* _Assigned task_
Below are records; count the lines that contain "room" and state only that count.

* _Task input_
------------------------------------------------------------------------
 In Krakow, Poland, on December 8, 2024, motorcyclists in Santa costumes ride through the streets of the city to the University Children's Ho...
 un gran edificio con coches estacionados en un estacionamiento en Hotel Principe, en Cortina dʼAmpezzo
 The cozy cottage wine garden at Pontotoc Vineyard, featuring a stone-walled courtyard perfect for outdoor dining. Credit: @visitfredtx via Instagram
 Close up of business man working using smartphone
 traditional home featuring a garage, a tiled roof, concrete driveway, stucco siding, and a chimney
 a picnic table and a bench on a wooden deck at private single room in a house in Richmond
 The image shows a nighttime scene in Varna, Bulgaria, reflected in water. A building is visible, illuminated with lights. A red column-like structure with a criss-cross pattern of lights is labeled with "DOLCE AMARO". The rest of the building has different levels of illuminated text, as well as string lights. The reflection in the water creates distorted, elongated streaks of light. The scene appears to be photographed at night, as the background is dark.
------------------------------------------------------------------------
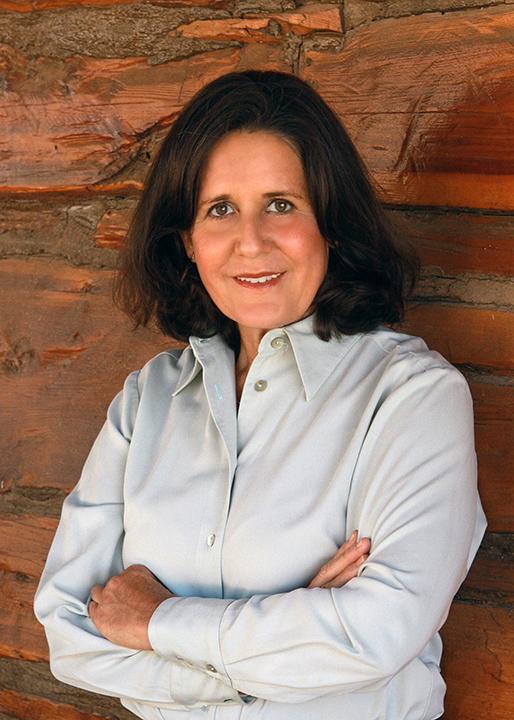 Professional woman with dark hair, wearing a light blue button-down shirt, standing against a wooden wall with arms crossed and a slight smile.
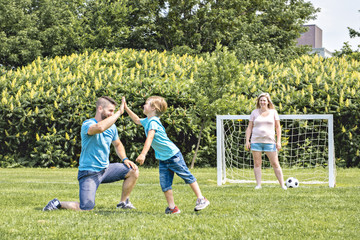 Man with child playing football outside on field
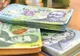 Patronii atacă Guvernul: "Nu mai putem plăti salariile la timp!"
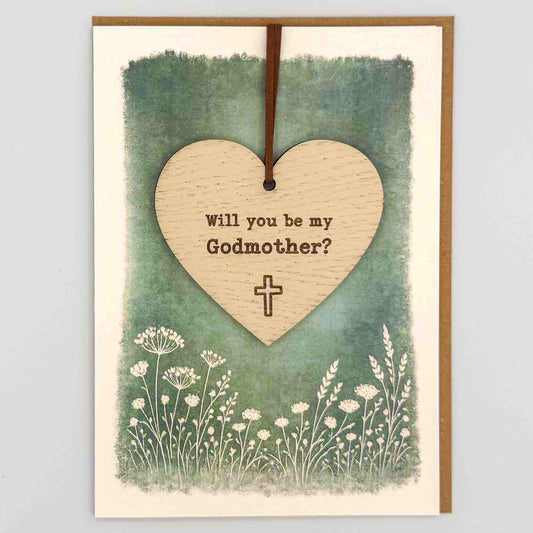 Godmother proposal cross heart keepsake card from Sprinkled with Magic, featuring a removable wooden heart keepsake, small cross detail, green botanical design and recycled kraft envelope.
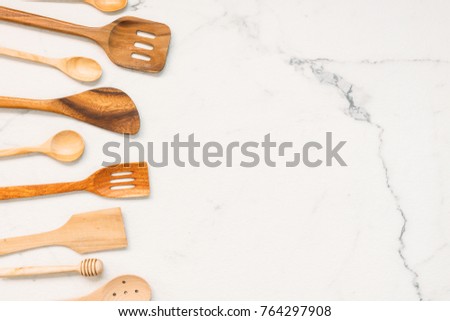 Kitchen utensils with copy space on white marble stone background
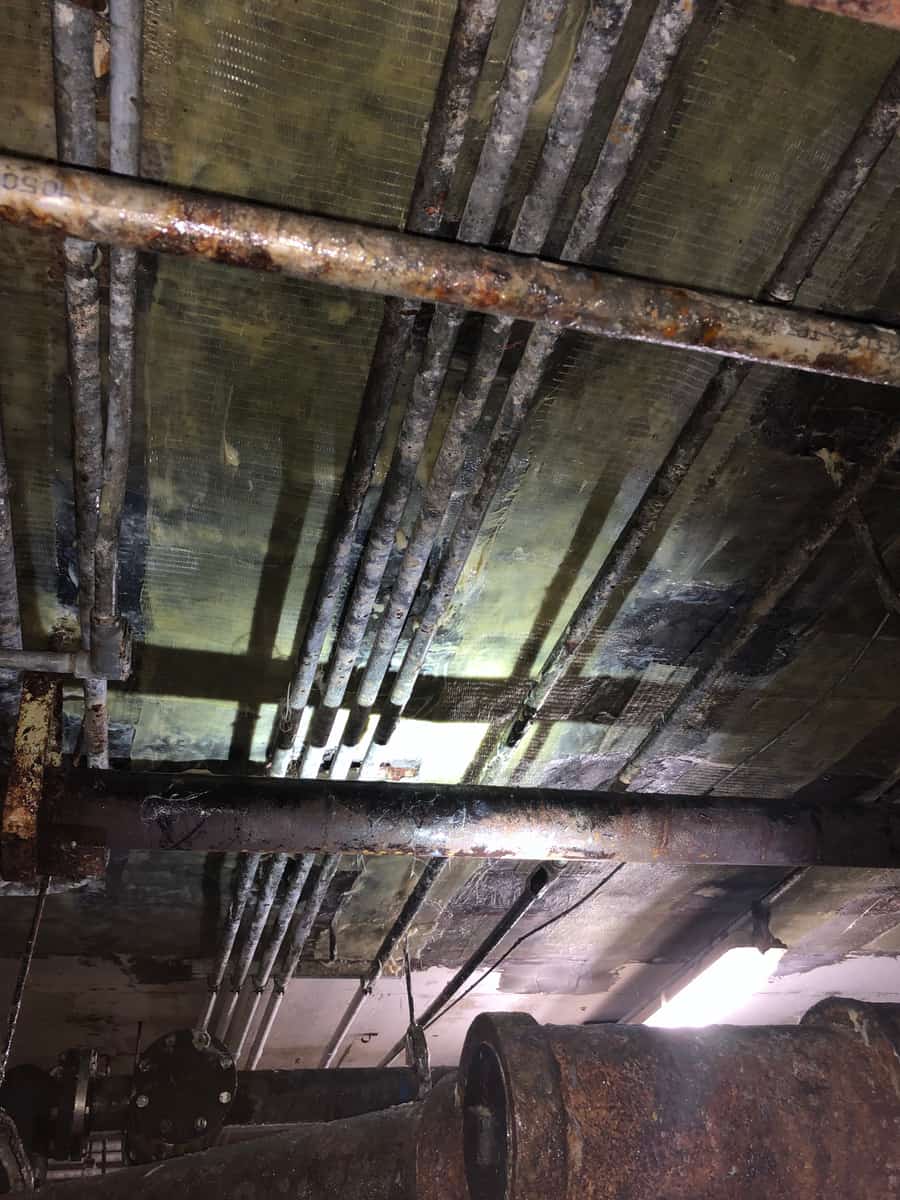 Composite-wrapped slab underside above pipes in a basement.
------------------------------------------------------------------------
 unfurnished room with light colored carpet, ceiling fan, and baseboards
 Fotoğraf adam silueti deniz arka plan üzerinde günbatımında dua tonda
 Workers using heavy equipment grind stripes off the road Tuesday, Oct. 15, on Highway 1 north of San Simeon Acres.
------------------------------------------------------------------------
* _Solution to this problem_
2